TASK: Output nothing but the lines from the one holding "嫁接大红袍板栗苗珍珠油栗迁西板栗苗死苗补发包成活" to the end of the listing. Reproduce them exactly, without the pictures.

THE DATA:
_ _ _ _ _ _ _
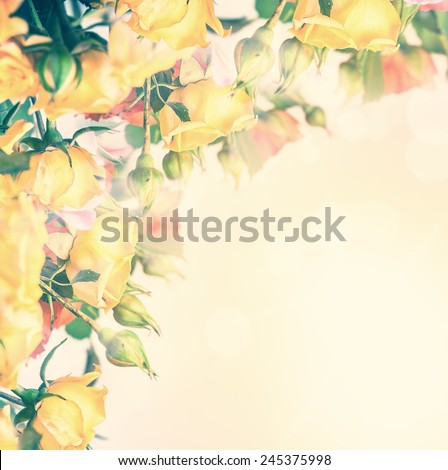 Defocus blur pastel flowers - roses on sunrise background with color filters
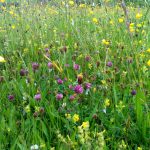 Helping Ireland's Pollinators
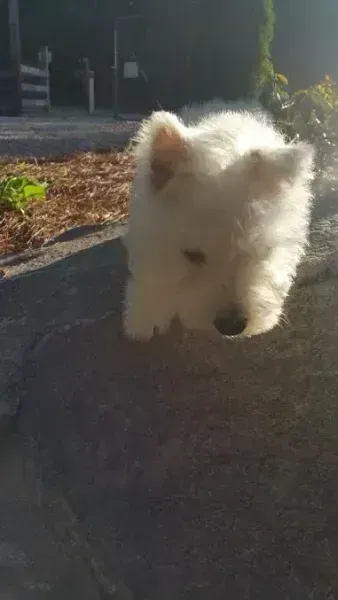 Small fluffy white dog walking on a sunlit sidewalk outdoors.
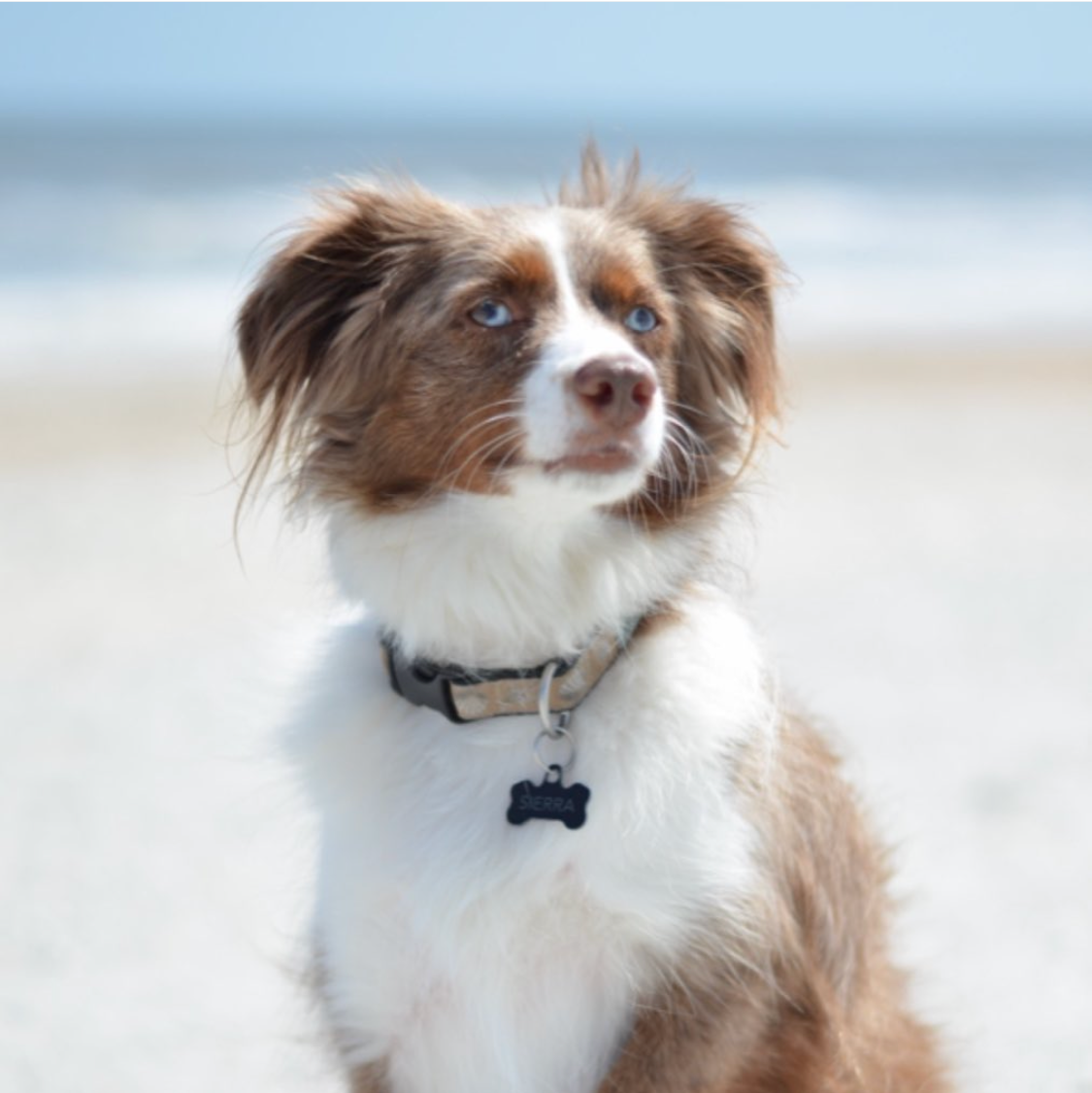 Dog wearing a collar on a beach with 'wetdogcollars' branding.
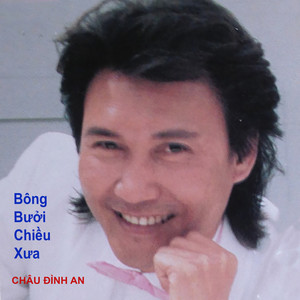 Châu Đình An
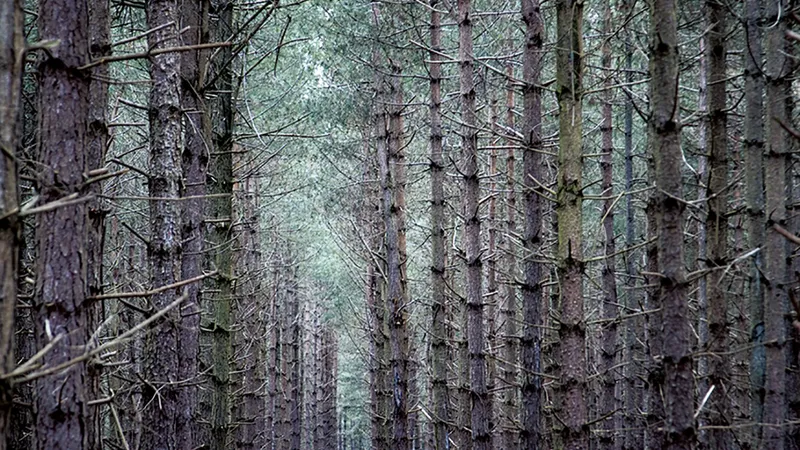Traseul OZN din Pădurea Rendlesham - Suffolk, Anglia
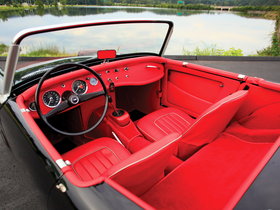 Austin Sprite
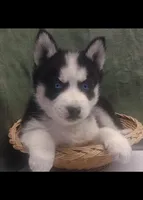 Koda, a male Siberian Husky for sale in Iowa, IA – Photo 3 of 5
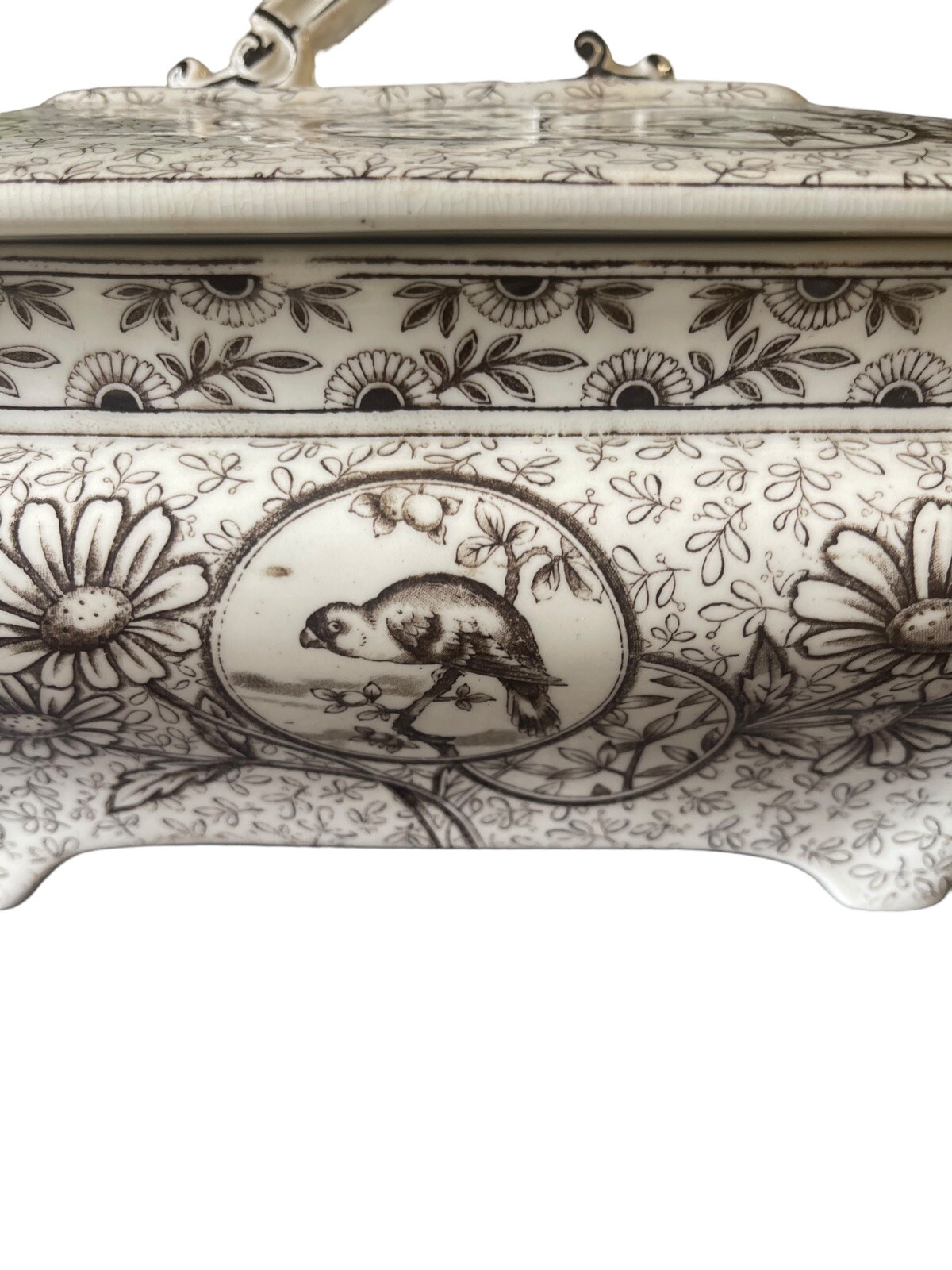 RARE Aesthetic Movement Ridgeway “Devonishire” Huge TransferWare Tureen! Birds!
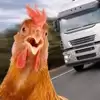 Chicken Challenge 3D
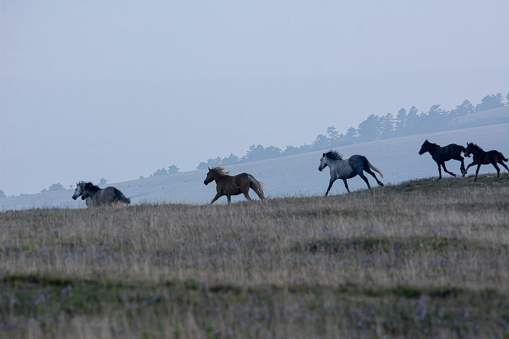 Wild horses gallop towards the mist across the steppe pastures of Balkan mountains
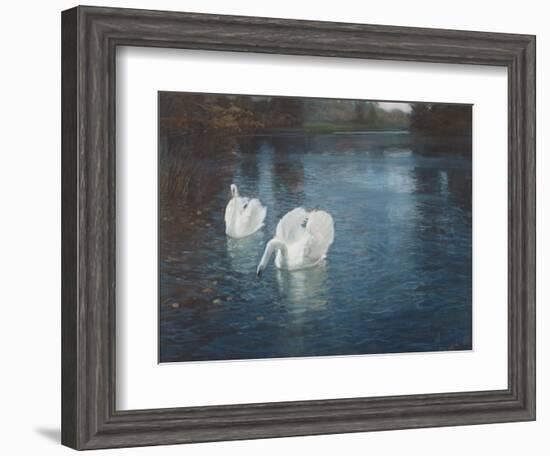 Swans on the River, C.1880-Fritz Thaulow-Framed Giclee Print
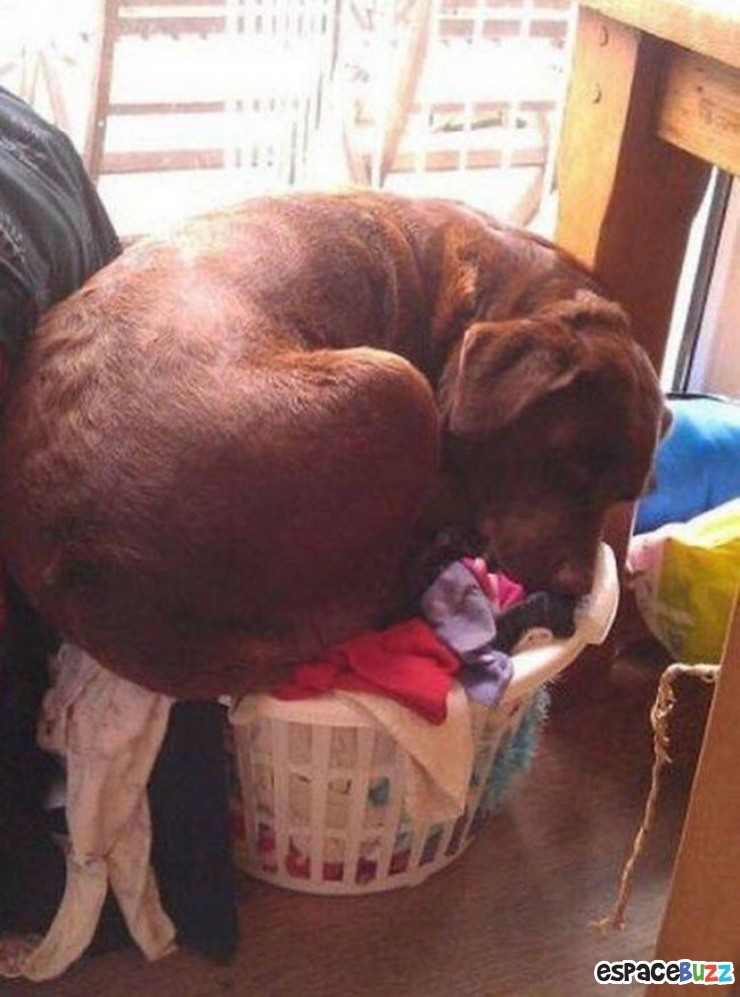 Illustration de l'article : Top 15 de chiens qui s'installent là où bon leur semble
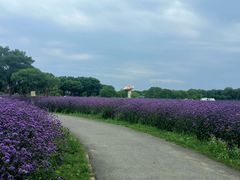 -上海杨姆庄园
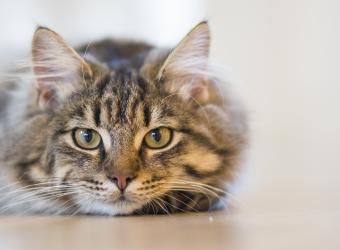 4 Types of Cat Cancer and Their Common Symptoms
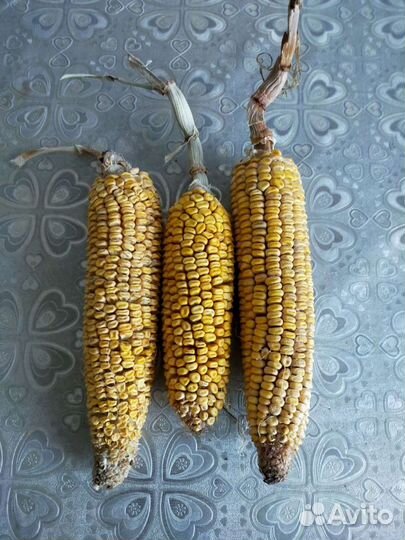 Кукуруза в початках животным.для охоты.на поделки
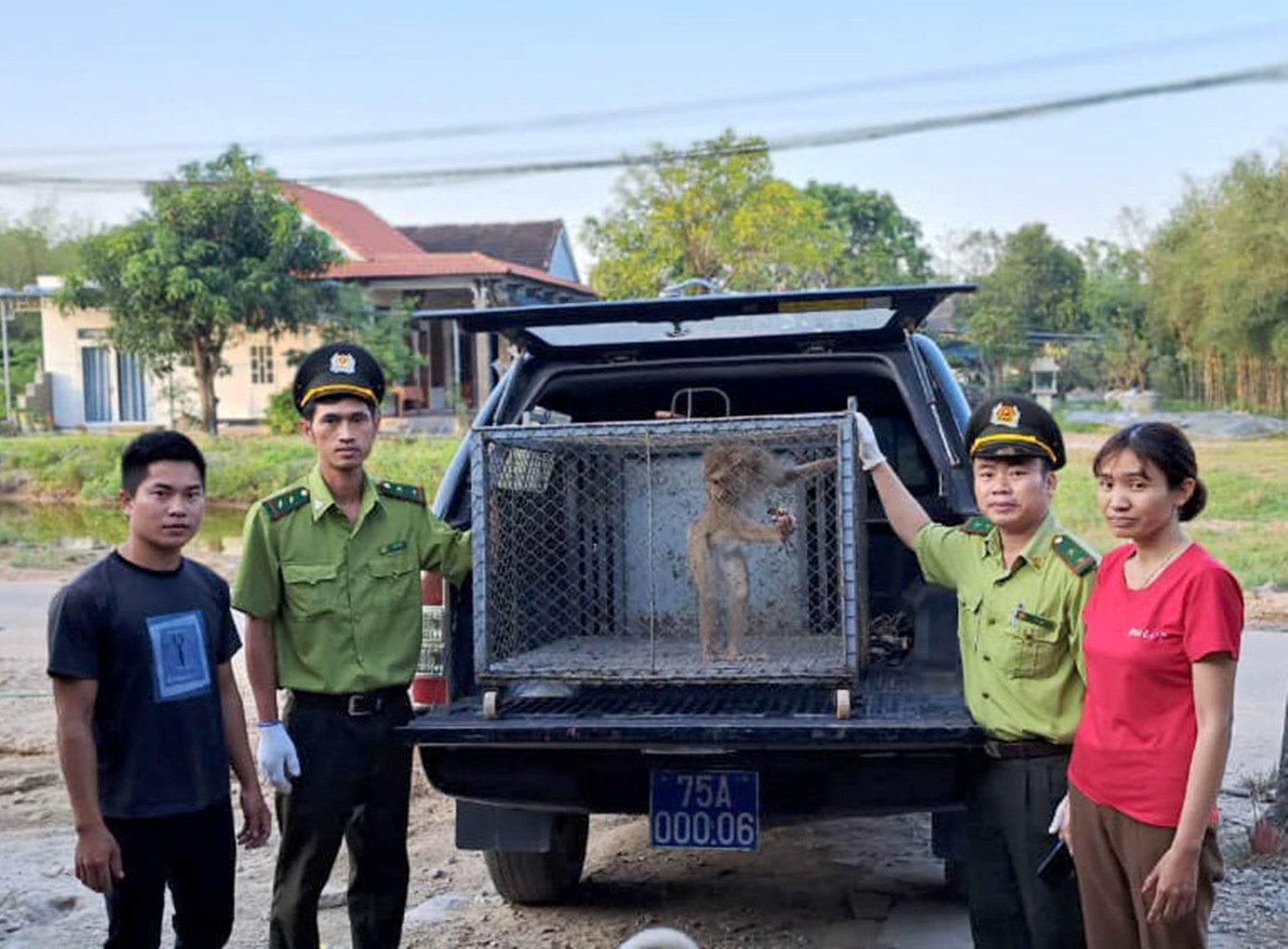 Cơ quan kiểm lâm tiếp nhận cá thể khỉ đuôi lợn quý hiếm. Ảnh: CTV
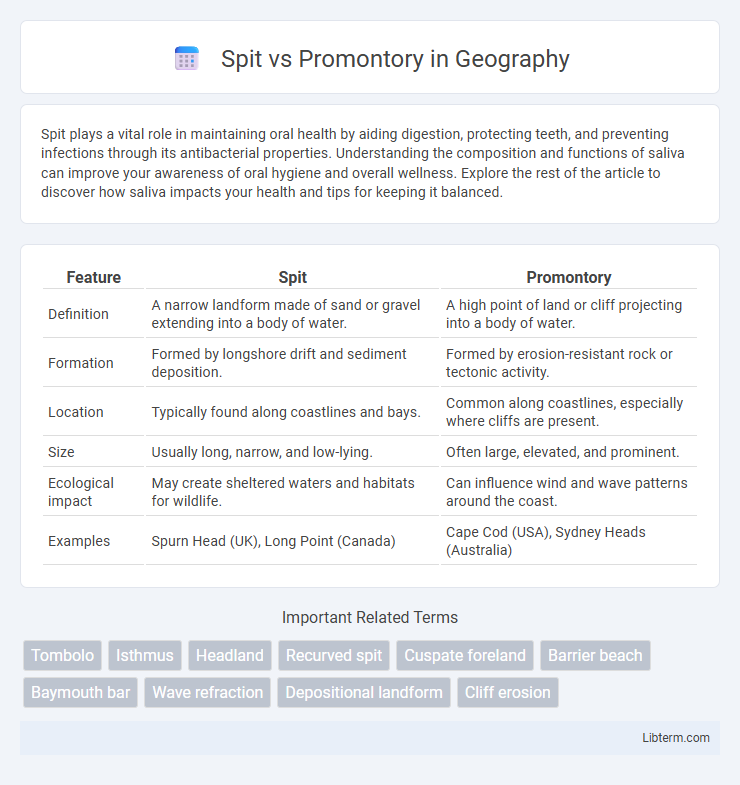 Promontory vs Spit in Geography - What is The Difference?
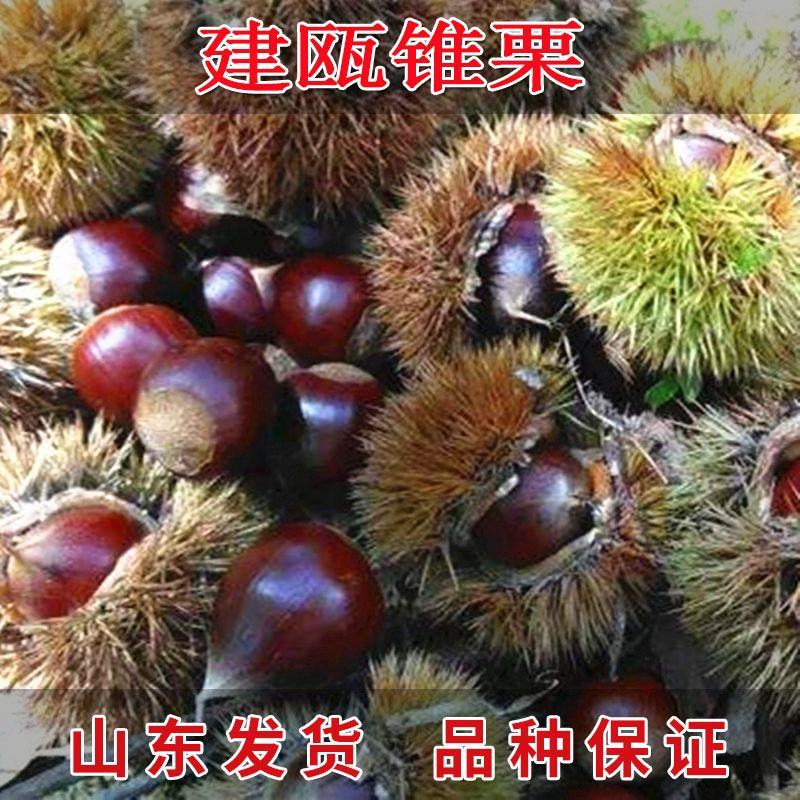 嫁接大红袍板栗苗珍珠油栗迁西板栗苗死苗补发包成活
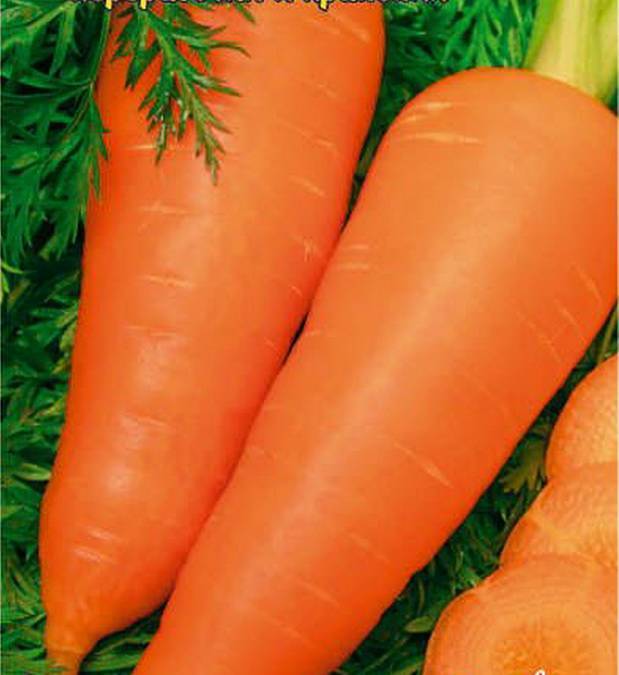 Какие сорта моркови лучшие для длительного хранения на зиму? выбираем и заготавливаем правильно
_ _ _ _ _ _ _
RESPONSE TO THE EXERCISE:
 嫁接大红袍板栗苗珍珠油栗迁西板栗苗死苗补发包成活
 Какие сорта моркови лучшие для длительного хранения на зиму? выбираем и заготавливаем правильно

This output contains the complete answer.